>>

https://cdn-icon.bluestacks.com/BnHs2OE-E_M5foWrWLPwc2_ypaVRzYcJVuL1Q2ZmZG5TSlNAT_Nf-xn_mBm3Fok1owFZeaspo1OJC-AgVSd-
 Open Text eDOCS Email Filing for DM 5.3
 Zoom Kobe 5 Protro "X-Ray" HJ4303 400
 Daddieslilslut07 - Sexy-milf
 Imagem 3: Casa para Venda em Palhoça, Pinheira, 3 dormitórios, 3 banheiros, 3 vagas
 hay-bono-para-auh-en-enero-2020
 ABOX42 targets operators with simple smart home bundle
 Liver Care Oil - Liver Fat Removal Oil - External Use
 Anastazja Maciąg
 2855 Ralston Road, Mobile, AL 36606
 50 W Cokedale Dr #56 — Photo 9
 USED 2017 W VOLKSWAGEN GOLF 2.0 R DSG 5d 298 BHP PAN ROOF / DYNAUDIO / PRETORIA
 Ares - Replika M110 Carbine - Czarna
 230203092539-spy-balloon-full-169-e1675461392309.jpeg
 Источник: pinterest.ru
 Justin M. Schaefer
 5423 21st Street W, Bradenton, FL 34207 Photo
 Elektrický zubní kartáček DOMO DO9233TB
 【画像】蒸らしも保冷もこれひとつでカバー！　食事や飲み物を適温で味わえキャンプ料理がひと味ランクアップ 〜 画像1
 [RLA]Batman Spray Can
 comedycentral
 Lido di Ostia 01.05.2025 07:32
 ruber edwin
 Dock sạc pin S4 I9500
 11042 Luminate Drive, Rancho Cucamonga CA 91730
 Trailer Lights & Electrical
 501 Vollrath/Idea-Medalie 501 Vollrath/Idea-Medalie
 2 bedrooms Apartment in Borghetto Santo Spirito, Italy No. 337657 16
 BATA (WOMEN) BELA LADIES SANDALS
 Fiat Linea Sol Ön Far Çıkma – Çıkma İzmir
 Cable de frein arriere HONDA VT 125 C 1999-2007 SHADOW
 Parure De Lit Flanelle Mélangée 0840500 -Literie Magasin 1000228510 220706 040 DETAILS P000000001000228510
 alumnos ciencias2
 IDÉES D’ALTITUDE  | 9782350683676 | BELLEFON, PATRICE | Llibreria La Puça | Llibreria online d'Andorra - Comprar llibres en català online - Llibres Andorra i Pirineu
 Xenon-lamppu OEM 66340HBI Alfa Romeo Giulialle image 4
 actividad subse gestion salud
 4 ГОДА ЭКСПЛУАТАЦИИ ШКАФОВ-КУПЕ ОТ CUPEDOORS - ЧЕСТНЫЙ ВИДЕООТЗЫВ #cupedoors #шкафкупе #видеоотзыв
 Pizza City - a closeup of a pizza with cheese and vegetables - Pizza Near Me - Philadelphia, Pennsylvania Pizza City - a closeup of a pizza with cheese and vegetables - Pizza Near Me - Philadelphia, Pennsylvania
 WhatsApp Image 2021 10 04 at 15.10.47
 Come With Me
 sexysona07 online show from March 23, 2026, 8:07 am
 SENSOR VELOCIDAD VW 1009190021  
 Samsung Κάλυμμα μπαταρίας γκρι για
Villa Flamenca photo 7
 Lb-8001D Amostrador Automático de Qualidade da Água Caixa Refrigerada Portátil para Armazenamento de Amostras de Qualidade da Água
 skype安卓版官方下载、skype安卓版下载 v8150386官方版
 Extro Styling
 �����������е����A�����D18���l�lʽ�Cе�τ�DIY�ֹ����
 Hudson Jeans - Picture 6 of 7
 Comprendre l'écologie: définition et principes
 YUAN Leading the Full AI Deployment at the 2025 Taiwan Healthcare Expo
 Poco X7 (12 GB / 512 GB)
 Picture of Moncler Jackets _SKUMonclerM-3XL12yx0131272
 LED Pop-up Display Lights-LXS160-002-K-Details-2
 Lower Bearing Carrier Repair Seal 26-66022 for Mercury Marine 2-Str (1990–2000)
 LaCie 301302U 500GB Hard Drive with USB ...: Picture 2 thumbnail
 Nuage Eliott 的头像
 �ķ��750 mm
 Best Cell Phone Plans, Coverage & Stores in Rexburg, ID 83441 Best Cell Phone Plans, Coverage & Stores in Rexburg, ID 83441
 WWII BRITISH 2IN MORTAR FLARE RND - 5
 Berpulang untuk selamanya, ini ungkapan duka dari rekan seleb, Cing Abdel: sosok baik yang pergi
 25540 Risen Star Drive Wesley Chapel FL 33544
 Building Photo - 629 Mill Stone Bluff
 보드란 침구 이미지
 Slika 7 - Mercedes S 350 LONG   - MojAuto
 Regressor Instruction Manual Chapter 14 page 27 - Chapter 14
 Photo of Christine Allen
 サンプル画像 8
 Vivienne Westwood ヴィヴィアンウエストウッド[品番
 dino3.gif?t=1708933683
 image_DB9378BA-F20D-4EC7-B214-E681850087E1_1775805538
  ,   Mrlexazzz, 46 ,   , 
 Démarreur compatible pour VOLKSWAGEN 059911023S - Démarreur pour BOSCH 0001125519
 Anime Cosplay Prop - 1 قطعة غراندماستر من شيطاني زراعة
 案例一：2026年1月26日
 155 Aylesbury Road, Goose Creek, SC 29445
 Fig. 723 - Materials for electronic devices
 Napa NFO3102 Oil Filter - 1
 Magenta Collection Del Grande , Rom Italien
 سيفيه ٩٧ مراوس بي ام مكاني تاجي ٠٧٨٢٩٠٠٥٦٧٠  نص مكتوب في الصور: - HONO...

<<

PROMPT: Taking the listing above line by line, say how many lines include the string "para", and give only that number.

OUTPUT: 3